The natural range of motion of the human body varies from person to person. Using our knowledge of Ergonomic Reach Zones, we can tailor your workspace to cater to the human body’s natural range of motion.

Vertical Ergonomic Reach Zones

Work In The Green Zone

To understand the importance of Ergonomic Reach Zones, we must
define them, explain their uses, and how we can set them up properly.

Know Your Reach Zones

Working in an industrial or laboratory setting can subject employees to repetitive motions while positioned at a workstation. The accumulation of these repetitive motions, especially those that deviate the body from neutral posture or the natural range of motion, can result in unwanted stress that may lead to more serious injuries.

Reach Zones are areas within an employee’s reach (usually centered around a specific workstation) that are frequented to perform daily tasks.
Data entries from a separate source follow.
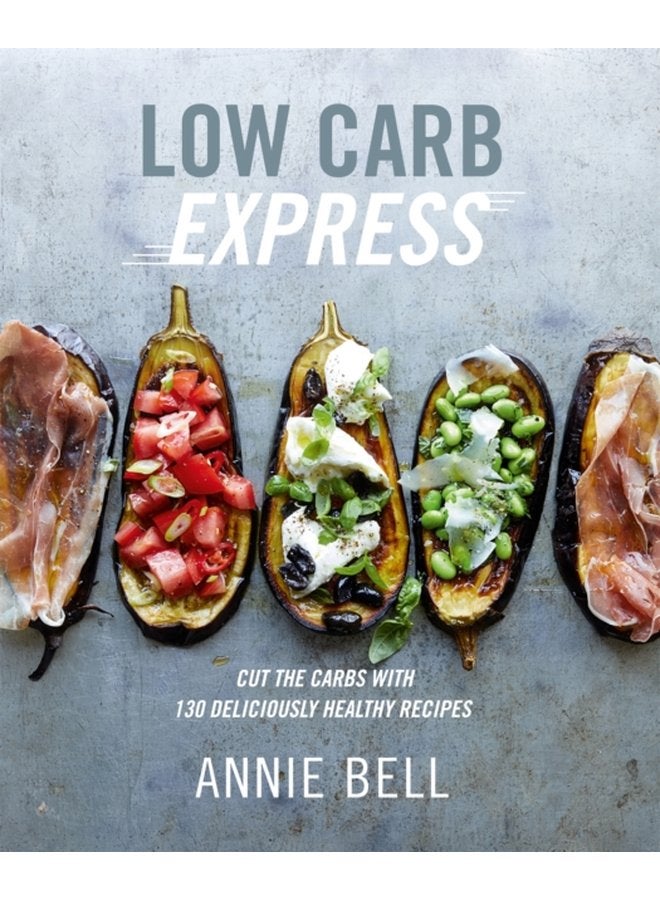 Low Carb Express - Paperback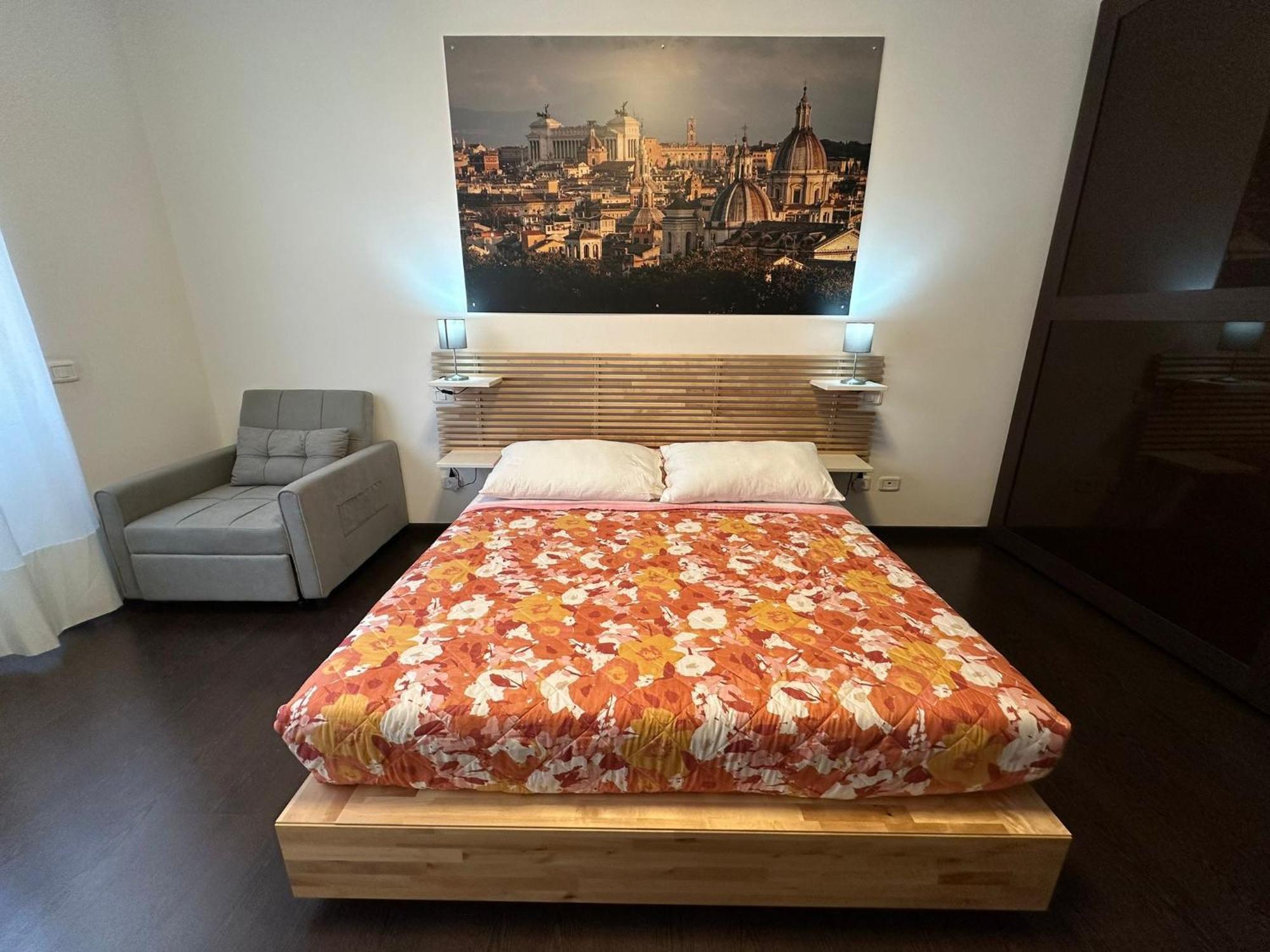 Aniene Gh Apartment *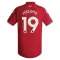 Camisolas Manchester United Mbeumo 19 Equipamento Principal 26/27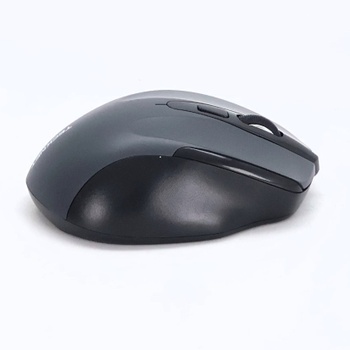 Bezdrôtová myš Tecknet šedá ergonomická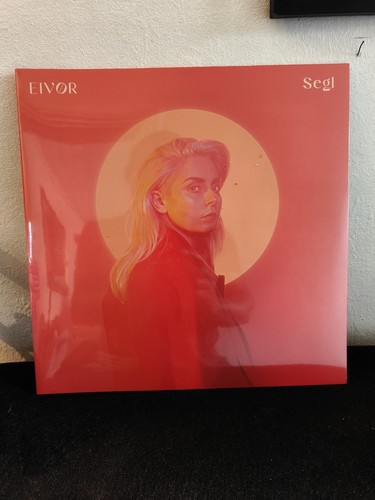 Eivor segl vinyl - eivor,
On the other hand, Ergonomic Reach Zones are areas that employees can comfortably reach without subjecting their bodies to unnecessary harm.
They make up the envelope of the human body’s natural range of motion and define the body’s limits while interacting with the environment around it.

Ergonomic Neutral Zone

Ergonomic Reach Zones are classified into three main types:

Zone 1: Primary Zone
Zone 2: Secondary Zone
Zone 3: Tertiary Zone
Vertical Reach Zones

Zone 1, the Primary Zone, consists of the area (both horizontally and vertically) directly within reach of an employee where the usual tools and equipment most frequently used are found. This zone is characterized by the area a person can reach within their workstation while maintaining a bent elbow. This may be where most of the commonly used tools or equipment would likely be placed in an industrial or laboratory setting, especially those that require repetitive use throughout the workday.

Zone 1 is called the “Neutral Reach Zone,” meaning that this is the area that the human body will be most comfortable in for an extended period and will cause the least amount of strain on the body. Items placed in this zone are easy to
reach. Here is where we should position the most frequently used items. It’s the zone where most of the work motions should happen.

As we show in Figure 1.2 below, the range of motion in this zone focuses on movements not exceeding the maximum reach of the average forearm with a bent elbow, meaning that the natural range is up to 14” in the horizontal plane and 6” in the vertical plane (as shown in Figure 1.1).

Zone 2, the Secondary Zone, consists of the areas reachable by extending the arms but not necessarily to full extension. This area usually holds items or tools that may be needed consistently throughout the workday but are not used at a high frequency.

While not much effort may be required to access this zone, a high-frequency use of tools or equipment in this area can lead to certain ergonomic risks associated with the over-reaching and repetitive extension of arms.

As this zone will be commonly used to store items at an elevated level, a suitable application for this would be to have adjustable monitors, adjustable lighting, or specialized stationary tools or equipment that may need to be accessed during the workday.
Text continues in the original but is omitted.